Exercise aim:
Transcribe the listing that follows in full, exactly, and drop its images.

The data:
####

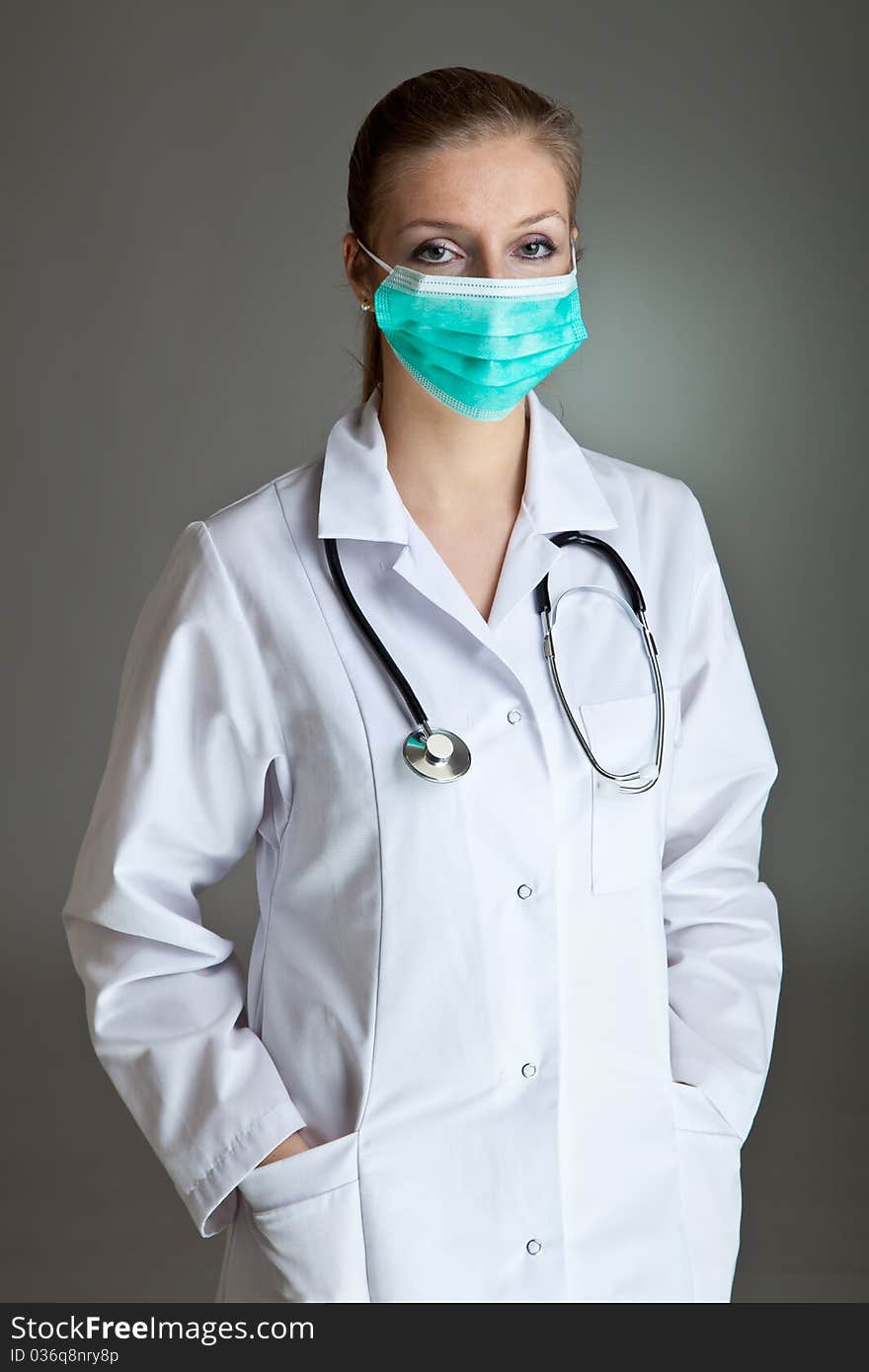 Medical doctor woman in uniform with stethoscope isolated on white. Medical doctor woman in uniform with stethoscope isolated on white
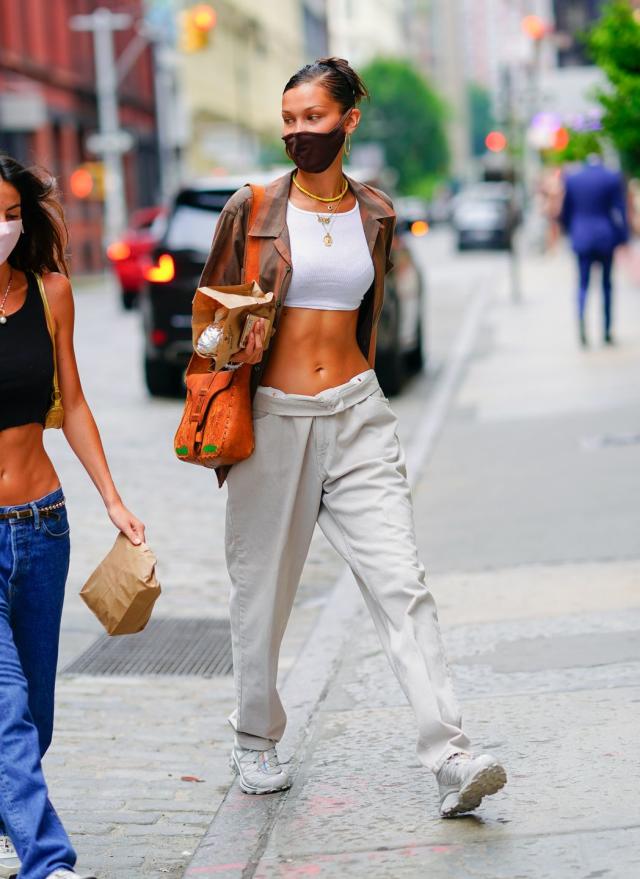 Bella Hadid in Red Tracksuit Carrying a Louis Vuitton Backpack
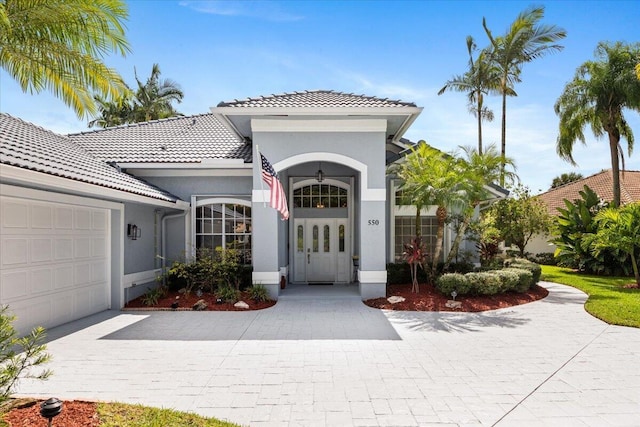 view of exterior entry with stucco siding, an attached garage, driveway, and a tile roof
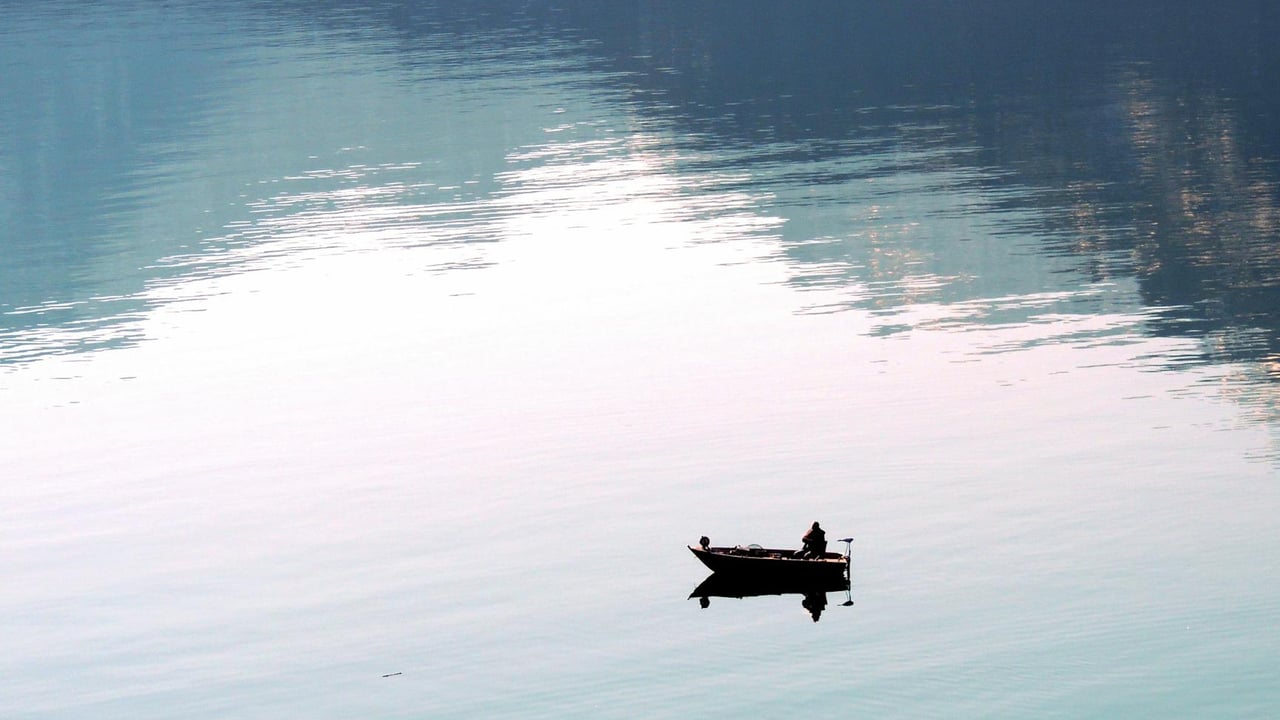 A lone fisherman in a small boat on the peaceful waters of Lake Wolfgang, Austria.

####

Answer to the exercise:
 Medical doctor woman in uniform with stethoscope isolated on white. Medical doctor woman in uniform with stethoscope isolated on white
 Bella Hadid in Red Tracksuit Carrying a Louis Vuitton Backpack
 view of exterior entry with stucco siding, an attached garage, driveway, and a tile roof
 A lone fisherman in a small boat on the peaceful waters of Lake Wolfgang, Austria.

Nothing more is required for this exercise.